NEW YORK (AP) — Peloton is laying off employees and raising the prices of some of its equipment as part of its latest bid to make the business profitable and free up cash.
The changes were disclosed Friday in a memo to employees of the maker of high-end exercise bikes and treadmills from its new CEO Barry McCarthy. In addition to cutting 784 jobs, Peloton will close its distribution network in North America and transfer its delivery work to third-party suppliers.
The New York-based company said it also plans to “significantly” reduce its North American store base, which now stands at 86 stores. But she did not specify how many stores will close.
These changes mark the last changes since McCarthy, who served as Spotify’s chief financial officer, took over as CEO in February. He replaces John Foley, who co-founded the company 10 years ago.
The coronavirus pandemic has put Peloton in a mad rush. Its shares have jumped more than 400% in 2020 amid shutdowns that have made its bikes and treadmills popular among customers who pay a fee to participate in Peloton’s interactive workouts.
But nearly all of those gains were wiped out last year as the distribution of vaccines sent many people out of their homes and into gyms. Now the company, which recorded its only profitable quarters during the pandemic, is stifling its ambitious plans and cutting costs after misjudging the resilience of the exercise-at-home trend.
Peloton said it is raising the price of its flagship Bike+ by $500 to $2,495 and its Tread treadmill by $800 to $3,495. The price increases represent an about-face from April, when it lowered prices in an attempt to get rid of inventory. McCarthy noted in the memo that at the time the company was still in the early days of its $800 million restructuring plan and was under “significant cash pressure.”

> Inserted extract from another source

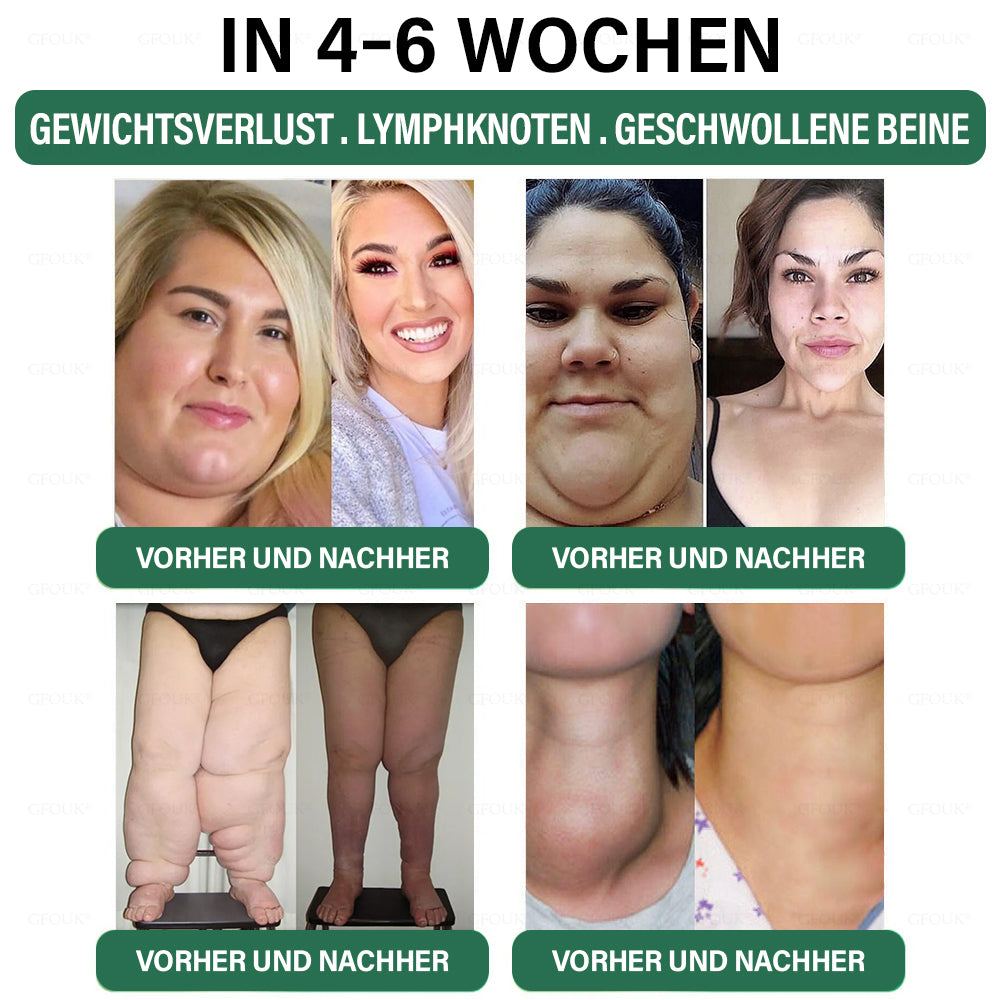 ✅ Hergestellt und versendet aus Deutschland | GFOUK® 𝐆𝐋𝐏-𝟏 Schlankheits- & Gesundheit Nasenring｜⚡ Schnelles Fettverbrennen & Stoffwechselbalance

Last month, Peloton announced it would stop making its own stationary bikes and interactive treadmills, outsourcing those tasks to a Taiwanese manufacturer. It also said it was also suspending manufacturing operations at the Tonic Fitness Technology factory in Taiwan for the rest of the year.
As of June 30 last year, Peloton employed about 8,600 people worldwide, including about 6,700 in the United States. But in February it said it was cutting 2,800 jobs, including about 20% of its corporate jobs. At the time, he said instructors who lead interactive classes for Peloton would not be included in the discounts.
Peloton also said in February that it was ending development at its Peloton Output Park plant in Ohio.
Friday’s news encouraged investors, who sent shares of Peloton Interactive Inc. up $1.62, or nearly 14%, to $13.53. The stock is still down 88% in the past 12 months.